Extracted records:
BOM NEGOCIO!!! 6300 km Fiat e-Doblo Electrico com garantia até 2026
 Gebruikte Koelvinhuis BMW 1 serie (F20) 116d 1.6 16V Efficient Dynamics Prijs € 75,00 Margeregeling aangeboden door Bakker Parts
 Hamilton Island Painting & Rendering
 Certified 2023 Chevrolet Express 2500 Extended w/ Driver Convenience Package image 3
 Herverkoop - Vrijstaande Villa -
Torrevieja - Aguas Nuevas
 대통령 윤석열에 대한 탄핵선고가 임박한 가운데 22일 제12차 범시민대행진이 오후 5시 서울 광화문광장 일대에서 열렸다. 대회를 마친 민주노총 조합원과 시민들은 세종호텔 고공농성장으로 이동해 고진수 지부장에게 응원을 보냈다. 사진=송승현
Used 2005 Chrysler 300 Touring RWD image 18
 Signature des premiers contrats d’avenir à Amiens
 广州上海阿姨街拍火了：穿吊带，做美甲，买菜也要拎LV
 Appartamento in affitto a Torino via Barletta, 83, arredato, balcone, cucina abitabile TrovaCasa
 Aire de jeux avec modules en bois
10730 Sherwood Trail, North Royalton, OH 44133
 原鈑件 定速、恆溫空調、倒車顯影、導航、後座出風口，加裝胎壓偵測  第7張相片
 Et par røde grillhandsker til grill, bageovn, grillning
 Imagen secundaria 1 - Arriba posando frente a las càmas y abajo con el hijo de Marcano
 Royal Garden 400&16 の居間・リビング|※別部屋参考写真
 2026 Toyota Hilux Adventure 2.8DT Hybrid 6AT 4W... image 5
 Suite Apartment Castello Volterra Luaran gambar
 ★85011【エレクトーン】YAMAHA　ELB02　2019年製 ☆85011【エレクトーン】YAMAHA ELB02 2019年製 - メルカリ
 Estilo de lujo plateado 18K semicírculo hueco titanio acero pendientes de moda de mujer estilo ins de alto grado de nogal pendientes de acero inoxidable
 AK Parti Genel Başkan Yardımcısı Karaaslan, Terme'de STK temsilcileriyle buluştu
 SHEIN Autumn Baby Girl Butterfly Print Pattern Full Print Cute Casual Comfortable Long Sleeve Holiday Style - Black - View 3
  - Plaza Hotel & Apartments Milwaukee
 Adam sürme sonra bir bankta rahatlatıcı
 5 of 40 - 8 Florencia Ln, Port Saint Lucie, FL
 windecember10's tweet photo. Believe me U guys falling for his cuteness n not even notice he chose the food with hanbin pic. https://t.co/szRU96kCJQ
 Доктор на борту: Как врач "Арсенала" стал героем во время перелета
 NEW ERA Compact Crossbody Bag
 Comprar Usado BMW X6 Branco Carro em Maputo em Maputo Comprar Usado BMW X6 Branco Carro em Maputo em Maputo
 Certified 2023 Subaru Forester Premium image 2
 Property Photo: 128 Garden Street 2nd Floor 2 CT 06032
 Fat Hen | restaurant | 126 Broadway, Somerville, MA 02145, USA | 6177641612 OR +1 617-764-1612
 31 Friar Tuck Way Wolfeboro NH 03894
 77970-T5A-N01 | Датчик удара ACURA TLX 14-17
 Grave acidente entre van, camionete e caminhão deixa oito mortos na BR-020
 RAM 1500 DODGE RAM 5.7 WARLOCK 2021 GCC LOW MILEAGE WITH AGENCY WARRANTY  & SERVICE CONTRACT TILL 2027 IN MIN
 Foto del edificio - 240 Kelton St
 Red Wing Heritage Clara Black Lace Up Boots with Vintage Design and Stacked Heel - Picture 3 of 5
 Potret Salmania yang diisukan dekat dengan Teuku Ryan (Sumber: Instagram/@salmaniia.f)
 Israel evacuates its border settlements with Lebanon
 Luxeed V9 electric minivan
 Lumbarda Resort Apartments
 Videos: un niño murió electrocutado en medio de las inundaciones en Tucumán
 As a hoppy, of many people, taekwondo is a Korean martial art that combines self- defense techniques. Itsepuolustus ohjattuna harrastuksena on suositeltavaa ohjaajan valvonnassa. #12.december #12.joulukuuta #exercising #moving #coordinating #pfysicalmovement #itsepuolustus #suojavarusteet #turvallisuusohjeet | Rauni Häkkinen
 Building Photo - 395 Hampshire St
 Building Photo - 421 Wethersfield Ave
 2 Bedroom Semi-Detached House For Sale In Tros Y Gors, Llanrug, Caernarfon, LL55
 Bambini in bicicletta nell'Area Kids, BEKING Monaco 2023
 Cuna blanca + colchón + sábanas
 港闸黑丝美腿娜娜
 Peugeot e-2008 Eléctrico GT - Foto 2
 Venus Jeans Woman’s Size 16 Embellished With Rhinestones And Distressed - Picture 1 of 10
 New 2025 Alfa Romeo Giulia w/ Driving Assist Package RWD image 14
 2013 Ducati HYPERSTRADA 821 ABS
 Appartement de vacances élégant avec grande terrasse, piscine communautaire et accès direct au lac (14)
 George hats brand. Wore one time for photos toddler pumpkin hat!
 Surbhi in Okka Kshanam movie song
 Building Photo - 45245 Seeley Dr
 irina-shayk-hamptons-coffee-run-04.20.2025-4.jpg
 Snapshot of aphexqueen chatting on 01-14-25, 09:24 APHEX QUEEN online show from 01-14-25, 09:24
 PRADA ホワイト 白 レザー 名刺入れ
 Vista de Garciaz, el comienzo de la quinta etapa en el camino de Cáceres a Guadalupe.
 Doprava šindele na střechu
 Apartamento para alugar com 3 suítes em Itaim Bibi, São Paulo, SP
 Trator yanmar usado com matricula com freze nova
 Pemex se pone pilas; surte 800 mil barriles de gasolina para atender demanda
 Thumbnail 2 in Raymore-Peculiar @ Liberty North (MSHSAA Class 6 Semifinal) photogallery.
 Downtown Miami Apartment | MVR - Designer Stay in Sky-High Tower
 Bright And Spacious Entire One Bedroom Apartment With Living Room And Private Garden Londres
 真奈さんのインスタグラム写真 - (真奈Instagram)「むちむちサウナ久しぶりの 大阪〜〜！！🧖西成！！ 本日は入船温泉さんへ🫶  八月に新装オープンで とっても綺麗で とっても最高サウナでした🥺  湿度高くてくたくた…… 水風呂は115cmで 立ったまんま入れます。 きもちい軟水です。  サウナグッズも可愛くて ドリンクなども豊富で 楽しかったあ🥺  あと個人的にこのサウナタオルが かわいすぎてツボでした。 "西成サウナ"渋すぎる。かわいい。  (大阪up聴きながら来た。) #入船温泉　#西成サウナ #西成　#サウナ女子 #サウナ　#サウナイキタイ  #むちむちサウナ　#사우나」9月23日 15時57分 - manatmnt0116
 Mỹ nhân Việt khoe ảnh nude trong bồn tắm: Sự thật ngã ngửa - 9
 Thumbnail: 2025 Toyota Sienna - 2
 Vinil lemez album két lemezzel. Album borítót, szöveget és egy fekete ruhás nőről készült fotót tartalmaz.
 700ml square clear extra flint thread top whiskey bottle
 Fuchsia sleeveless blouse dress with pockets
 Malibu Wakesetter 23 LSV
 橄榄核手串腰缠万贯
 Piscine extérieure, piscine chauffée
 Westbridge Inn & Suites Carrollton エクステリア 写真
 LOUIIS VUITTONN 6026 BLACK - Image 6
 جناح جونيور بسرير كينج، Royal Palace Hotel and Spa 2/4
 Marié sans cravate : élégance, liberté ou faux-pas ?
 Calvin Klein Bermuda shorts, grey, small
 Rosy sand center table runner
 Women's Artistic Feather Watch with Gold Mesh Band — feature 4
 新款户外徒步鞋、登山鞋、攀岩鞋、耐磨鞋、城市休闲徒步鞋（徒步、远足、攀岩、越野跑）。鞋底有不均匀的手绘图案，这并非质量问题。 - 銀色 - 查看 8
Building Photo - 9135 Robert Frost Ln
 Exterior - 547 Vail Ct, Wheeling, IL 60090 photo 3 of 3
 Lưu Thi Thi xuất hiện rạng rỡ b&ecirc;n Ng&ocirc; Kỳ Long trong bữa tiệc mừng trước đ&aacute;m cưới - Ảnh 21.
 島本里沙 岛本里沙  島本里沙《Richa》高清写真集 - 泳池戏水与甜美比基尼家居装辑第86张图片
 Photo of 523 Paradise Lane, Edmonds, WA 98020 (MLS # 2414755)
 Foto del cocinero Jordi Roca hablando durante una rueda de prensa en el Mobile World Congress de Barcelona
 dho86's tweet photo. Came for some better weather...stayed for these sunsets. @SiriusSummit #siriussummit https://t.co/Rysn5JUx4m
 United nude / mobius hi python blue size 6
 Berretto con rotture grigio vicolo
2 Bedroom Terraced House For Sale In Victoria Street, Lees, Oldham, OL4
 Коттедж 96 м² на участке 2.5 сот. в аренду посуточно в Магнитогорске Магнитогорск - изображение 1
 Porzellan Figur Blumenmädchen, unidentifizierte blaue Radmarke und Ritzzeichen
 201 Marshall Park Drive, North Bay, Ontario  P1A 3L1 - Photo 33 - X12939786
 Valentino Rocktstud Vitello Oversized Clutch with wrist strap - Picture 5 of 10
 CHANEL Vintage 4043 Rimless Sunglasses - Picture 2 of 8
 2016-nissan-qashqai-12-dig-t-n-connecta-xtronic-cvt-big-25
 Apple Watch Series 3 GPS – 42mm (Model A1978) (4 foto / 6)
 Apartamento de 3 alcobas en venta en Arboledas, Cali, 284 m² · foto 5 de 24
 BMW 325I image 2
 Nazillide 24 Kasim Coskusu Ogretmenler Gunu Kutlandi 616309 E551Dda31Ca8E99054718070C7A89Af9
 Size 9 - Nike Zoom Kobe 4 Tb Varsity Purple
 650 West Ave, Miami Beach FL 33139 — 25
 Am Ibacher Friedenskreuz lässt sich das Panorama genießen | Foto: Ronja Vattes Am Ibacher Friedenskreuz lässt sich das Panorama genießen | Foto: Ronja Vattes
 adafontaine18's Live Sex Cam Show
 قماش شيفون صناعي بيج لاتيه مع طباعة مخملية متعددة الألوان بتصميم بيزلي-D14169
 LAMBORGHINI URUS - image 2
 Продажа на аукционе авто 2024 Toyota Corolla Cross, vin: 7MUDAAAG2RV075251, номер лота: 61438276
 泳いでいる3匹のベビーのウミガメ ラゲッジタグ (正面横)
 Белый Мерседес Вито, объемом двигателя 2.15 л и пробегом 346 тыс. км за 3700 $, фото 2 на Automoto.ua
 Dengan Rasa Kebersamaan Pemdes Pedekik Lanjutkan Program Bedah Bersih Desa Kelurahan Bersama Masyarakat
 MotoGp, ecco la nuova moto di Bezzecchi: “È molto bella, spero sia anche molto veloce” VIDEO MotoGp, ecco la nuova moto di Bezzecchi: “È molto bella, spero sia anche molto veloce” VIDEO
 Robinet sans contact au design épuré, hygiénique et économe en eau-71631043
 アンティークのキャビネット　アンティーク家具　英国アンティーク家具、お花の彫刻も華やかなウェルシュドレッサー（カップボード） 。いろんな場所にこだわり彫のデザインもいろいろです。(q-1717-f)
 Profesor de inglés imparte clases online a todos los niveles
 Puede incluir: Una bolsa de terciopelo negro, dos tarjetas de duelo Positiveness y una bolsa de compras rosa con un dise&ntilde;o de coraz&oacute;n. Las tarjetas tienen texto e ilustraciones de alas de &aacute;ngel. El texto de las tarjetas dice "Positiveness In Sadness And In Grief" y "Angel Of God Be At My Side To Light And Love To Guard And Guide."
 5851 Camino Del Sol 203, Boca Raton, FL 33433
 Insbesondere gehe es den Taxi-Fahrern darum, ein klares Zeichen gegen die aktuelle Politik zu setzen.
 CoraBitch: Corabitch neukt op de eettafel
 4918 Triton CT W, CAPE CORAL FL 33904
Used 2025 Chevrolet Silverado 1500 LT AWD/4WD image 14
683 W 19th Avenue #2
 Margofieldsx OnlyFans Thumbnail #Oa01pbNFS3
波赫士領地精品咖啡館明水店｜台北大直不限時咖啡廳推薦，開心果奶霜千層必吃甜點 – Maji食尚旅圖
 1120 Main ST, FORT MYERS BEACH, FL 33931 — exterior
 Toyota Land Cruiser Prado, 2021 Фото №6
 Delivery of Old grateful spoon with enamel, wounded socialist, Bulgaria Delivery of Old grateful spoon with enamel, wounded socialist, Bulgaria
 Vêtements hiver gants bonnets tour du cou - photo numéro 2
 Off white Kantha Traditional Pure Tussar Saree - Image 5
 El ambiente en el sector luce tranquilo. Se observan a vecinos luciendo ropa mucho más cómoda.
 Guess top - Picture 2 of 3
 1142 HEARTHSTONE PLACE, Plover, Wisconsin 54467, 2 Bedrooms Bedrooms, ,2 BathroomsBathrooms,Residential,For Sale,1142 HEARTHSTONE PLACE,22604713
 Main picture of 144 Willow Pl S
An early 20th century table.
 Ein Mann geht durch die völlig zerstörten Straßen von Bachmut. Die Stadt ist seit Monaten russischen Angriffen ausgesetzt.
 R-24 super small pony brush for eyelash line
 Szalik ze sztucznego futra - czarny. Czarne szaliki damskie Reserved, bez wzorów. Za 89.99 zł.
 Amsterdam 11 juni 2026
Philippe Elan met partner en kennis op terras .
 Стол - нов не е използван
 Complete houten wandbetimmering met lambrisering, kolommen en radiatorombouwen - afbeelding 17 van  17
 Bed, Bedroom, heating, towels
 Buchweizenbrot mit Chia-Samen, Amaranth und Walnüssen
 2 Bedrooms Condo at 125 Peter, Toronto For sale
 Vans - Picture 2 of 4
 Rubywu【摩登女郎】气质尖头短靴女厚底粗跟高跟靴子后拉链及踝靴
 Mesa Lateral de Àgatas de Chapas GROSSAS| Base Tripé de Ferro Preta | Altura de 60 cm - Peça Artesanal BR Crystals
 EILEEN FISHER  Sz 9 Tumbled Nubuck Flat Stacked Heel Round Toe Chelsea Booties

## YOUR OBJECTIVE:
All that should appear in the response is the run of lines from the first line of the entries through the line containing "NEW ERA Compact Crossbody Bag", copied exactly.

## ANSWER:
BOM NEGOCIO!!! 6300 km Fiat e-Doblo Electrico com garantia até 2026
 Gebruikte Koelvinhuis BMW 1 serie (F20) 116d 1.6 16V Efficient Dynamics Prijs € 75,00 Margeregeling aangeboden door Bakker Parts
 Hamilton Island Painting & Rendering
 Certified 2023 Chevrolet Express 2500 Extended w/ Driver Convenience Package image 3
 Herverkoop - Vrijstaande Villa -
Torrevieja - Aguas Nuevas
 대통령 윤석열에 대한 탄핵선고가 임박한 가운데 22일 제12차 범시민대행진이 오후 5시 서울 광화문광장 일대에서 열렸다. 대회를 마친 민주노총 조합원과 시민들은 세종호텔 고공농성장으로 이동해 고진수 지부장에게 응원을 보냈다. 사진=송승현
Used 2005 Chrysler 300 Touring RWD image 18
 Signature des premiers contrats d’avenir à Amiens
 广州上海阿姨街拍火了：穿吊带，做美甲，买菜也要拎LV
 Appartamento in affitto a Torino via Barletta, 83, arredato, balcone, cucina abitabile TrovaCasa
 Aire de jeux avec modules en bois
10730 Sherwood Trail, North Royalton, OH 44133
 原鈑件 定速、恆溫空調、倒車顯影、導航、後座出風口，加裝胎壓偵測  第7張相片
 Et par røde grillhandsker til grill, bageovn, grillning
 Imagen secundaria 1 - Arriba posando frente a las càmas y abajo con el hijo de Marcano
 Royal Garden 400&16 の居間・リビング|※別部屋参考写真
 2026 Toyota Hilux Adventure 2.8DT Hybrid 6AT 4W... image 5
 Suite Apartment Castello Volterra Luaran gambar
 ★85011【エレクトーン】YAMAHA　ELB02　2019年製 ☆85011【エレクトーン】YAMAHA ELB02 2019年製 - メルカリ
 Estilo de lujo plateado 18K semicírculo hueco titanio acero pendientes de moda de mujer estilo ins de alto grado de nogal pendientes de acero inoxidable
 AK Parti Genel Başkan Yardımcısı Karaaslan, Terme'de STK temsilcileriyle buluştu
 SHEIN Autumn Baby Girl Butterfly Print Pattern Full Print Cute Casual Comfortable Long Sleeve Holiday Style - Black - View 3
  - Plaza Hotel & Apartments Milwaukee
 Adam sürme sonra bir bankta rahatlatıcı
 5 of 40 - 8 Florencia Ln, Port Saint Lucie, FL
 windecember10's tweet photo. Believe me U guys falling for his cuteness n not even notice he chose the food with hanbin pic. https://t.co/szRU96kCJQ
 Доктор на борту: Как врач "Арсенала" стал героем во время перелета
 NEW ERA Compact Crossbody Bag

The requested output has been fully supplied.